Nonetheless, when the technology is actually ready, it's not hard to see many self-driving car owners signing up for a service such as the one Musk envisions. And there's nothing about Musk's vision that suggests only Tesla would be able to provide such a service. Other automakers selling autonomous cars could create similar ride-sharing fleets, perhaps via joint ventures formed with rivals. Moreover, Tesla and other automakers could choose to run these services at cost, using them as an incentive to drive car sales.

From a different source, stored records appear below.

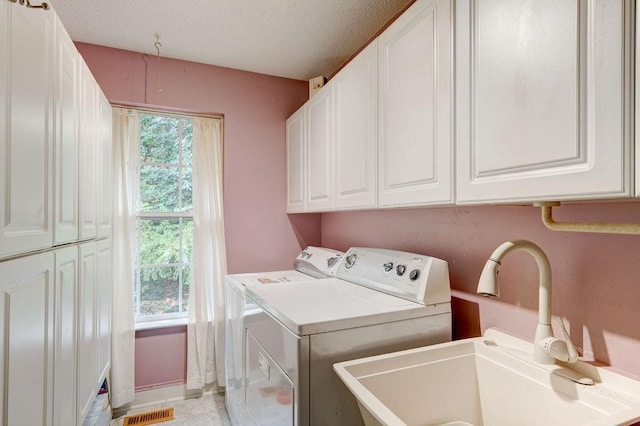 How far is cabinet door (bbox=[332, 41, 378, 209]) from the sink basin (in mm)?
698

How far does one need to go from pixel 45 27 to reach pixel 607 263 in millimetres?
1911

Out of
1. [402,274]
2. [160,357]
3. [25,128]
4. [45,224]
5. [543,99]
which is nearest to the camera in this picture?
[543,99]

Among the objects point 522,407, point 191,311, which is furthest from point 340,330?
point 191,311

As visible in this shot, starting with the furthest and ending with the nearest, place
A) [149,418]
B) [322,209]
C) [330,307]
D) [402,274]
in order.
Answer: [149,418]
[322,209]
[402,274]
[330,307]

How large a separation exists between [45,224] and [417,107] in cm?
134

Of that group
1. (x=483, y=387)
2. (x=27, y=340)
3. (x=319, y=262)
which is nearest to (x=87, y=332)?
(x=27, y=340)

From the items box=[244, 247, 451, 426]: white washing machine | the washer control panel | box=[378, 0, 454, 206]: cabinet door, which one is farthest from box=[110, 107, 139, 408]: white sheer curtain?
box=[378, 0, 454, 206]: cabinet door

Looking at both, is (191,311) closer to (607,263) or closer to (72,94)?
(72,94)

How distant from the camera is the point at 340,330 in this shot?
1.18 meters

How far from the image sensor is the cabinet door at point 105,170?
1.85 m

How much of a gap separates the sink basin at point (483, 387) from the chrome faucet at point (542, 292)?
0.07 metres

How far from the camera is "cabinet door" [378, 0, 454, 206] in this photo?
1.11m

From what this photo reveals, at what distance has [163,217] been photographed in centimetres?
252

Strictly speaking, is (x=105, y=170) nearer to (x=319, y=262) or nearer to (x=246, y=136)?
(x=246, y=136) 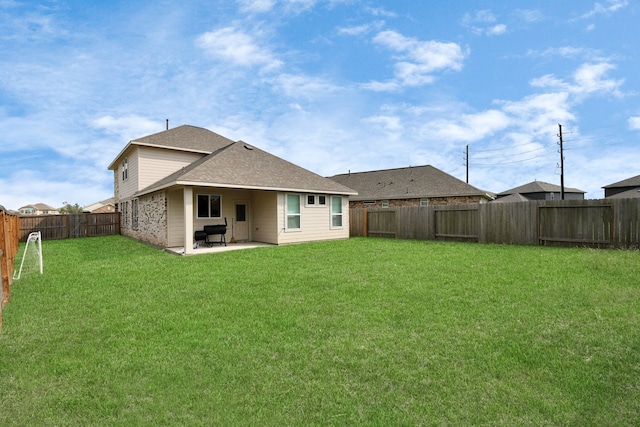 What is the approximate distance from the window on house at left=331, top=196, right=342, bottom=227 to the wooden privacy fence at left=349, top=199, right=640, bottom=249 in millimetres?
2389

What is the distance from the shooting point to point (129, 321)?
5039 millimetres

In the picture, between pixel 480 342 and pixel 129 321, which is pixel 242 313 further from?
pixel 480 342

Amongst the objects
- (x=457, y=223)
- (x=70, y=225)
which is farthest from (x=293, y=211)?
(x=70, y=225)

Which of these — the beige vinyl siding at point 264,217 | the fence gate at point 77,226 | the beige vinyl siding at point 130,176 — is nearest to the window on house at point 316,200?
the beige vinyl siding at point 264,217

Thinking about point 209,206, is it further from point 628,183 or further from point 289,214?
point 628,183

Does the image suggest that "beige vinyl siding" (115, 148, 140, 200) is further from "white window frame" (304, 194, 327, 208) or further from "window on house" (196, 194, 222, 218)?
"white window frame" (304, 194, 327, 208)

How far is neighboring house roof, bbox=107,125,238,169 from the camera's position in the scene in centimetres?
1834

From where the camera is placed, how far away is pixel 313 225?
1666cm

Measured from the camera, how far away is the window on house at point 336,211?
17625 mm

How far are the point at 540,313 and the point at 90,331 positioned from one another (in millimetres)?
6828

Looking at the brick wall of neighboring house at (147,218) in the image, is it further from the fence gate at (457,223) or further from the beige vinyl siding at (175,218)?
the fence gate at (457,223)

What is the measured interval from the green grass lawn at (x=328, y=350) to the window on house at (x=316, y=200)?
29.6 ft

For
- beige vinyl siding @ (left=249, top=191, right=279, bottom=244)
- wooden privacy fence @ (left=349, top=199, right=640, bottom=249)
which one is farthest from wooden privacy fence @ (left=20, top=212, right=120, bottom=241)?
wooden privacy fence @ (left=349, top=199, right=640, bottom=249)

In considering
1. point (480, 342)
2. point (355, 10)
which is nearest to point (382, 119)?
point (355, 10) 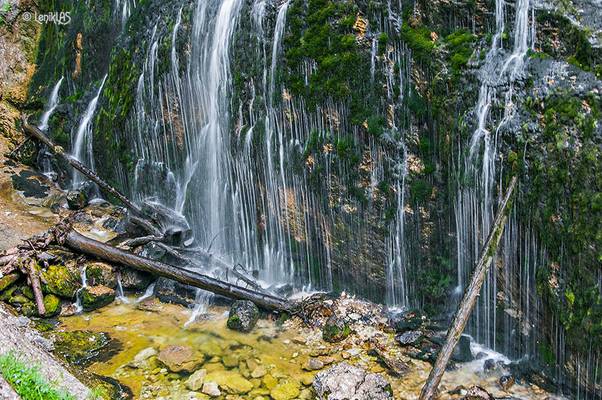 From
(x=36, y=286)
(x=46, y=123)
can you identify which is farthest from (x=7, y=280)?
(x=46, y=123)

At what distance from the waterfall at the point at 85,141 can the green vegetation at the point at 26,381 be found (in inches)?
331

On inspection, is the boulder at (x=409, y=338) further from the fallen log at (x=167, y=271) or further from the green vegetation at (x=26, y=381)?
the green vegetation at (x=26, y=381)

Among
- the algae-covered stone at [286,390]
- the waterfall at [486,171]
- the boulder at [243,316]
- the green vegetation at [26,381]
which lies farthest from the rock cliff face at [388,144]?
the green vegetation at [26,381]

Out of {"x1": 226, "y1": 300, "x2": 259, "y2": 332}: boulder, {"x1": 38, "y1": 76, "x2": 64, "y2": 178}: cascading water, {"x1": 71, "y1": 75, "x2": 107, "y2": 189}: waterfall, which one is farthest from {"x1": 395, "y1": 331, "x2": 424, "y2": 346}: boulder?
{"x1": 38, "y1": 76, "x2": 64, "y2": 178}: cascading water

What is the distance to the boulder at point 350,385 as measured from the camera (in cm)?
684

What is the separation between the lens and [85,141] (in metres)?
13.0

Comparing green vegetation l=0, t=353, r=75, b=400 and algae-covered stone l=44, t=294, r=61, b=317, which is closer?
green vegetation l=0, t=353, r=75, b=400

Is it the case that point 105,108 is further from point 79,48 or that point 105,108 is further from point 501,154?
point 501,154

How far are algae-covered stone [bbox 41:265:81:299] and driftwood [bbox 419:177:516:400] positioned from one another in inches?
231

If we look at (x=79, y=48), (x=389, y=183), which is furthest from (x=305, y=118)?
(x=79, y=48)

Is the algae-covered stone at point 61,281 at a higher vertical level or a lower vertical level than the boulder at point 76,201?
lower

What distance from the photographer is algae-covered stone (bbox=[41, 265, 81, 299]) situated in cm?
920

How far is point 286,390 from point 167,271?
3184 mm

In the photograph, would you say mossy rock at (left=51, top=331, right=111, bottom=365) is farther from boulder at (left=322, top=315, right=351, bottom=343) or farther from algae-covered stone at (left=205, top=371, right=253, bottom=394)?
boulder at (left=322, top=315, right=351, bottom=343) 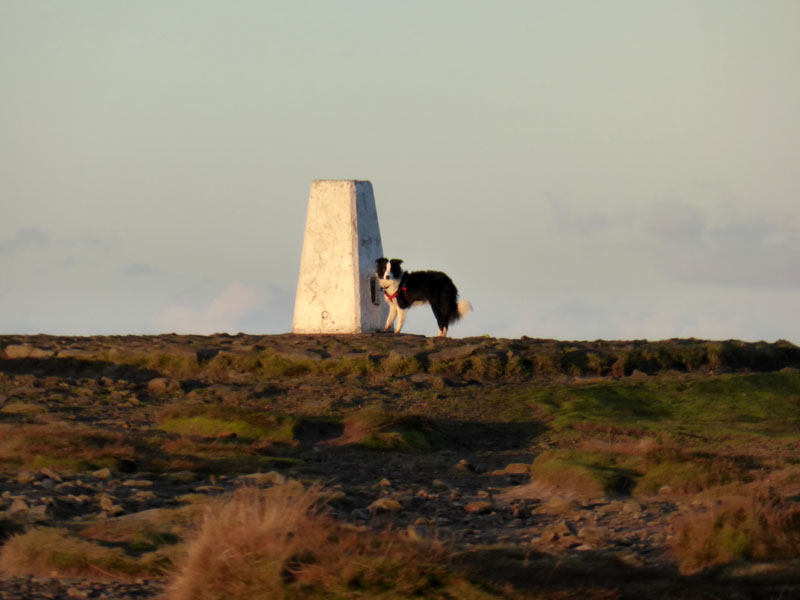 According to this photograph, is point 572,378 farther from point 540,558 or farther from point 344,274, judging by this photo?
point 540,558

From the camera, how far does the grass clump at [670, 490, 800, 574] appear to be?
8219 millimetres

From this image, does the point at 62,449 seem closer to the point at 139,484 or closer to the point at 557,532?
the point at 139,484

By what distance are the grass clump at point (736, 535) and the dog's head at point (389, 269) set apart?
44.5 feet

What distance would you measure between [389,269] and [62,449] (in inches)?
428

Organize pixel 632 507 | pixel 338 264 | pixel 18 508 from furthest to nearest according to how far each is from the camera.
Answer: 1. pixel 338 264
2. pixel 632 507
3. pixel 18 508

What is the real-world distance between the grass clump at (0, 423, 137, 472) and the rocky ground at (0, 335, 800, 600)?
0.21 metres

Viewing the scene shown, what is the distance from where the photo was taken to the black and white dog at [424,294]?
2258 centimetres

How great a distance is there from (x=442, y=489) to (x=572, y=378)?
868 cm

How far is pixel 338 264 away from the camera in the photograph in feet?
75.6

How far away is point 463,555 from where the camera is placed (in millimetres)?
7121

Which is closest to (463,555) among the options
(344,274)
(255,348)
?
(255,348)

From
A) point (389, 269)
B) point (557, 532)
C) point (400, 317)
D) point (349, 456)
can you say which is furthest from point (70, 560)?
point (400, 317)

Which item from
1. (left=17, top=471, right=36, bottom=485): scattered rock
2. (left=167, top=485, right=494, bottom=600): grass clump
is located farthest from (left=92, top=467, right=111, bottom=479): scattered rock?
(left=167, top=485, right=494, bottom=600): grass clump

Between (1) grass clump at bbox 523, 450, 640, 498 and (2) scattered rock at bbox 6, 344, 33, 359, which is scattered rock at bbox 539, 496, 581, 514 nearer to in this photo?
(1) grass clump at bbox 523, 450, 640, 498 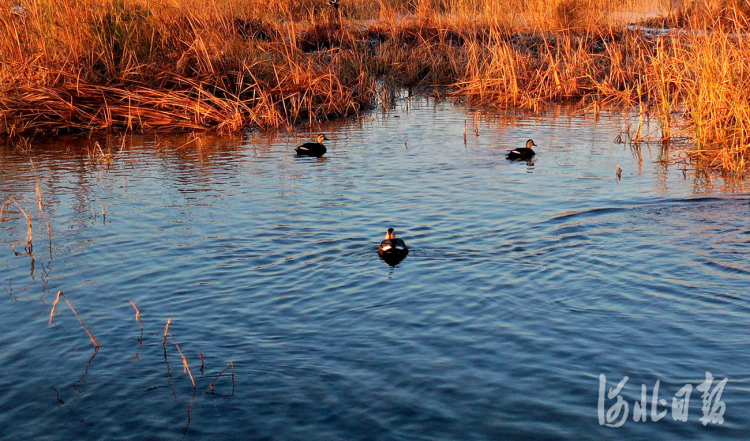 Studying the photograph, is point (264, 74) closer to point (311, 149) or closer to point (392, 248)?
point (311, 149)

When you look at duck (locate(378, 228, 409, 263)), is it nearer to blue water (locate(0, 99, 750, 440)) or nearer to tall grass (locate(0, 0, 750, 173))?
blue water (locate(0, 99, 750, 440))

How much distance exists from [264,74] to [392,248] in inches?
421

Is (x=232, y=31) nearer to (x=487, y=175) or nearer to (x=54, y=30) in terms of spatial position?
(x=54, y=30)

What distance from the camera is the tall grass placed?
12.3 metres

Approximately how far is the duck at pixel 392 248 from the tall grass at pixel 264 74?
19.6 ft

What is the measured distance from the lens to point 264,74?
17.3 meters

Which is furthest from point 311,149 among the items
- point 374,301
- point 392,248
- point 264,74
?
point 374,301

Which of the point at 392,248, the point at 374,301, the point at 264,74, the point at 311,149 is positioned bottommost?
the point at 374,301

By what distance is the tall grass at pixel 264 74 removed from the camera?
484 inches

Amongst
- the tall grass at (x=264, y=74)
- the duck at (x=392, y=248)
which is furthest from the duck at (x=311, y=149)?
the duck at (x=392, y=248)

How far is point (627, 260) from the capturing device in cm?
747

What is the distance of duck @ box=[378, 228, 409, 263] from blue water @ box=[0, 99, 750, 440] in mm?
136

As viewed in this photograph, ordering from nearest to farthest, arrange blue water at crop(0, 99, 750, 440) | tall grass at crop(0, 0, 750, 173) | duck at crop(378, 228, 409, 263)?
blue water at crop(0, 99, 750, 440), duck at crop(378, 228, 409, 263), tall grass at crop(0, 0, 750, 173)

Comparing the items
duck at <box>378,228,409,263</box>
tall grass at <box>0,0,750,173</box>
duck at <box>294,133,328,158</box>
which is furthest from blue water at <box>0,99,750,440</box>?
tall grass at <box>0,0,750,173</box>
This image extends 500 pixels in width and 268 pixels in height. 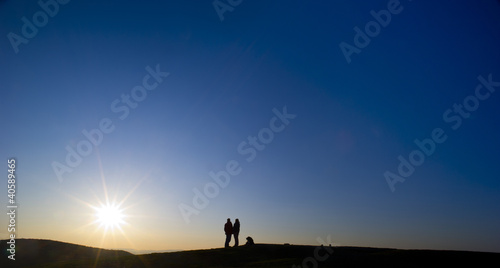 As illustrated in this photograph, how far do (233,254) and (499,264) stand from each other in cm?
1766

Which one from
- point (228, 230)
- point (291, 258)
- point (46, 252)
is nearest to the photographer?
point (291, 258)

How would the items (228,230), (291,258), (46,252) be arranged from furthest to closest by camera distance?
(46,252)
(228,230)
(291,258)

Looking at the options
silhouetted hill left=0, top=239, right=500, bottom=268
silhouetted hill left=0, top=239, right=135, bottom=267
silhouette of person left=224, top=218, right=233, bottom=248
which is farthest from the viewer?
silhouetted hill left=0, top=239, right=135, bottom=267

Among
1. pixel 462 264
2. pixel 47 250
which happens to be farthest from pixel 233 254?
pixel 47 250

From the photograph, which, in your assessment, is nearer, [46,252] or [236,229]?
[236,229]

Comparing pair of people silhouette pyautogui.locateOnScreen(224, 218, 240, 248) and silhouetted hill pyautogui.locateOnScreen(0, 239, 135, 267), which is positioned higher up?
pair of people silhouette pyautogui.locateOnScreen(224, 218, 240, 248)

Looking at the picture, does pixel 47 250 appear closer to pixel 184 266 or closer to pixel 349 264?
pixel 184 266

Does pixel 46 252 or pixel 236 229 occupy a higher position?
pixel 236 229

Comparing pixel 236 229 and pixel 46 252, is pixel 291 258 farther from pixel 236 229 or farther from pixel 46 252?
pixel 46 252

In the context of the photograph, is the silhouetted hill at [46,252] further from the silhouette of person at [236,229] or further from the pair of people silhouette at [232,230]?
the silhouette of person at [236,229]

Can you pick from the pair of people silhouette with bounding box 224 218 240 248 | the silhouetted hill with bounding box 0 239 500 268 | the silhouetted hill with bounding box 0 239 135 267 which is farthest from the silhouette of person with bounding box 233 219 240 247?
the silhouetted hill with bounding box 0 239 135 267

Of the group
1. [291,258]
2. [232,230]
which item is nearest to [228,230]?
[232,230]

The net result could be the commoditization of ride-sharing. Even after factoring in the spike in demand that might come as self-driving cars lower ride costs, enable cheaper delivery services and potentially make a greater percentage of the population willing to forego car ownership, the addition of hundreds of thousands, if not millions, of cars into the ride-sharing pool would greatly erode Uber and Lyft's main barrier to entry against would-be rivals. Namely, the massive network effect each company has created through its base of drivers and passengers.

Uber and Lyft are far from blind to the disruptive impact autonomous driving could have on ride-sharing. Uber has been testing a self-driving car (a modified Ford Fusion) in Pittsburgh, and has been frank about the long-term potential of self-driving cars to replace the need for paid drivers. Abd Lyft is partnering with General Motors (GM) - Get Report to develop self-driving taxis.

Moreover, even if Musk's vision becomes a reality, it's going to take a while. Google, which is perhaps further along than anyone when it comes to autonomous driving R&D and data-collection, is only aiming to bring a self-driving car to market -- likely with the help of one or more existing automakers -- by 2020. There are still plenty of regulatory and driver-liability issues to work out, and as Tesla itself has observed, there's a big difference between creating a car that can occasionally take over for a driver and one that can completely do so.

All the same, Tesla's plans should make those private investors who have given Uber a $62.5 billion valuation, a valuation that clearly assumes Uber will maintain a monopoly or duopoly-like position in most of its core markets, a little nervous.